(What to do)
The entire listing below is to be written out exactly, minus the pictures.

(Data in this exercise)
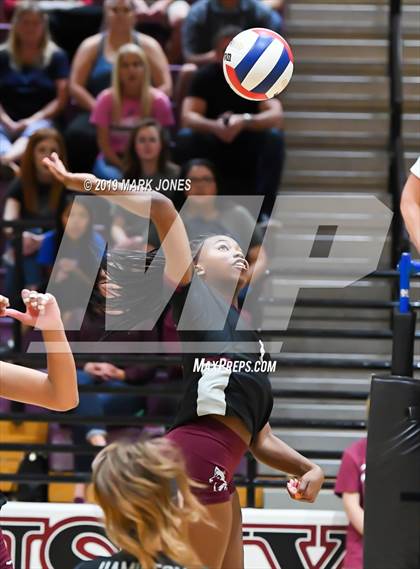 Thumbnail 1 in Basha @ Hamilton photogallery.
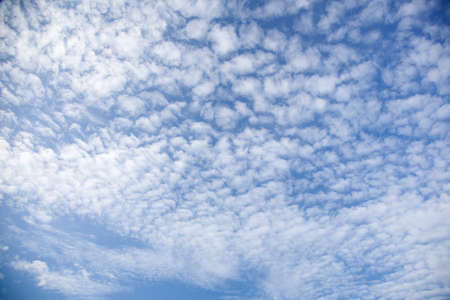 regular pattern of fluffy clouds in blue skyの写真素材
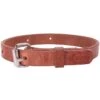Double Diamond Halters Leather Buck Strap / Night Latch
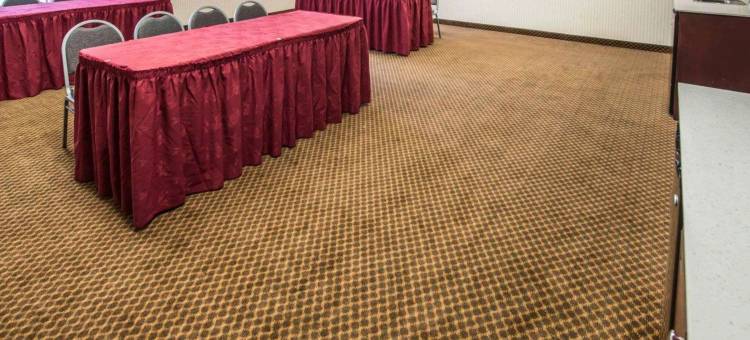 摩根顿舒适套房酒店(Comfort Inn & Suites)图片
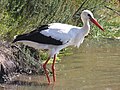 White stork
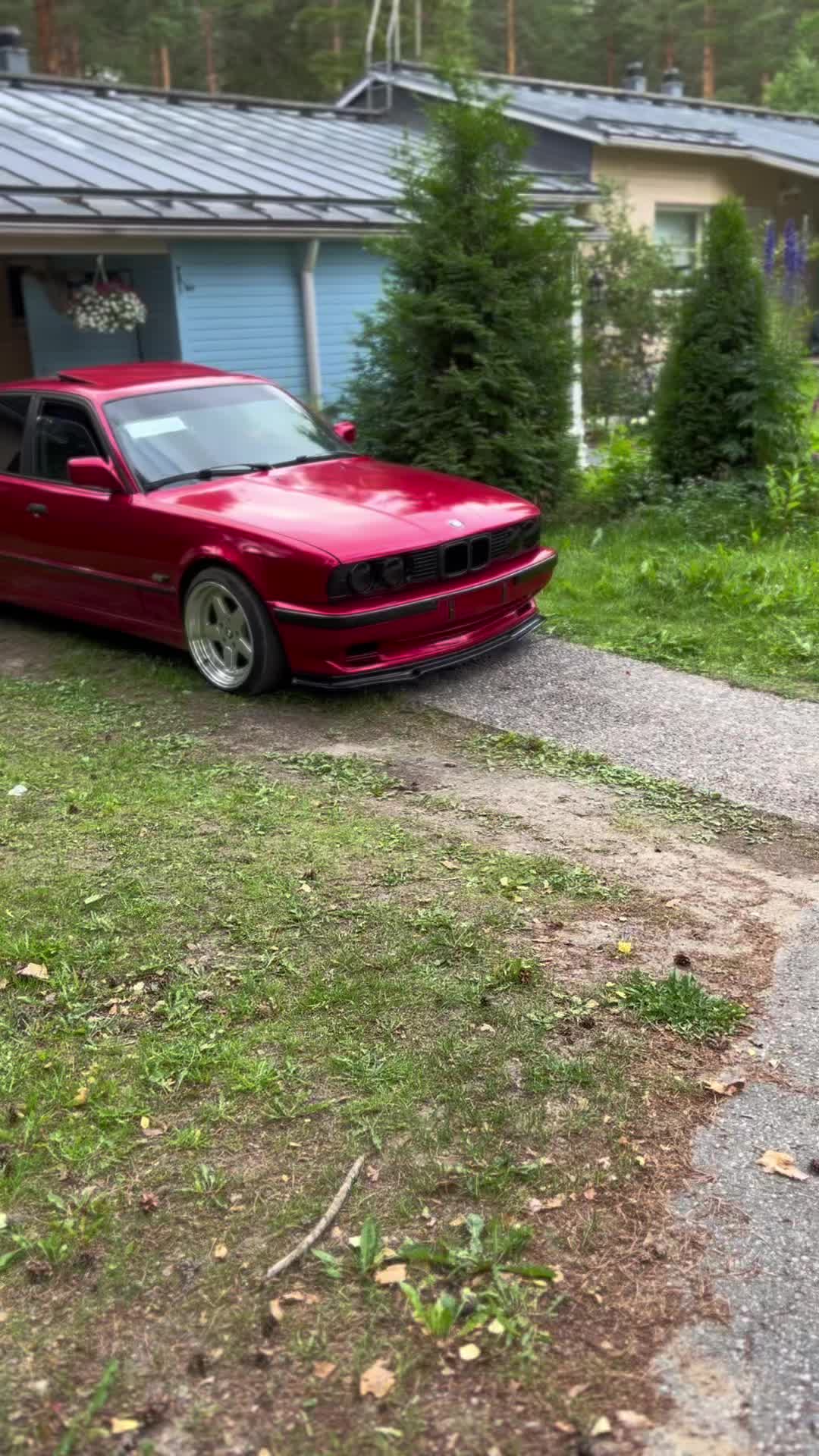 @Mikhail.Ali
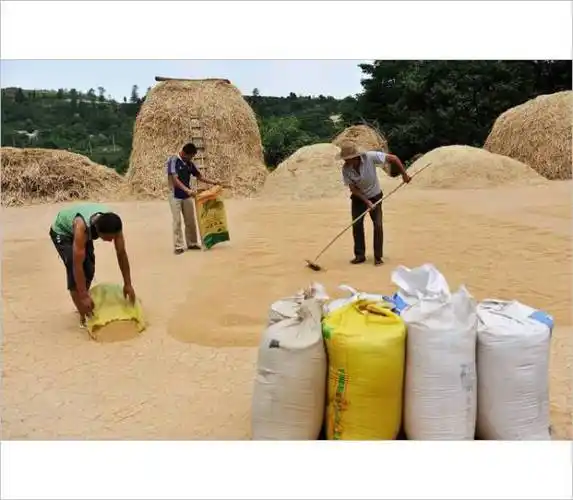 小时候农村收麦子的场景看了别哭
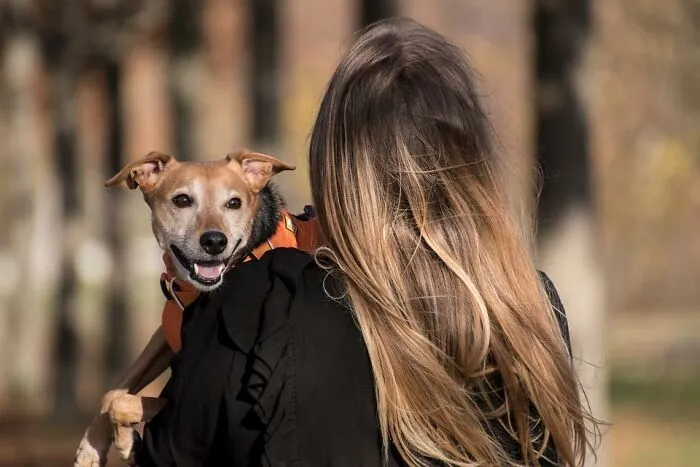 30 Veterinarians Share Things All Pet Owners Should Be Aware Of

(Task answer)
 Thumbnail 1 in Basha @ Hamilton photogallery.
 regular pattern of fluffy clouds in blue skyの写真素材
Double Diamond Halters Leather Buck Strap / Night Latch
 摩根顿舒适套房酒店(Comfort Inn & Suites)图片
 White stork
 @Mikhail.Ali
 小时候农村收麦子的场景看了别哭
 30 Veterinarians Share Things All Pet Owners Should Be Aware Of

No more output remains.